Random Tuesday – After the storm, distractions, need to recharge my brain
Today is really day one of “normal”, considering my husband got back into town last night. First the storm then him gone for a couple days and my life was in temporary upheaval. I’m trying to ease back into that life but I am finding it difficult. I woke up feeling all fuzzy and discombobulated.
I’m so incredibly overwhelmed by things we have have coming up, like wedding travels at month’s end, that I’m pulling my same old stunts: find a distraction and sink yourself into it. For now, it’s good old James Hetfield.
Like, wow. Always had a soft spot for lead singers/guitarists but he’s just killing me with cuteness. I feel like one should always have a small distraction/guilty pleasure to keep them afloat in difficult times.
The Shield storyline is helping too. My boys are fighting right now but I know they’ll kiss and make up soon.
Or Dean will turn heel and it’ll be a long dark time of in-fighting but THEN it’ll be ok. Because Romie has always been ride or die for Dean. And Seth, well, he’s always been that third wheel. But they’re brothers and they’ll recover.
Yes, I am well aware of how soap opera-like wrestling is. No, I don’t care. I appreciate the drama that doesn’t have any actual impact on my life.
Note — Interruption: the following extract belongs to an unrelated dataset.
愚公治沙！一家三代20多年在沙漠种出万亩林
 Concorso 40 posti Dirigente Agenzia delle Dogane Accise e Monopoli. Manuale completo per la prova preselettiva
On that note, if you read a couple weeks ago when I was literally ready to up and quit my job, I realized today how awesomely timed this storm was. It was just the break I needed (and my bosses too) away from the stress of work. Some of that tightening up has loosened now and I certainly feel a lot better.
All the yard work has made me honest-to-God bone tired. I feel like I’m on a deficit of sleep that’s built up over days. It’s a combination of the physical work, the stress, and the lack of sleep, I think. How to recover? Not sure. I really need to get a pedicure. That would definitely help!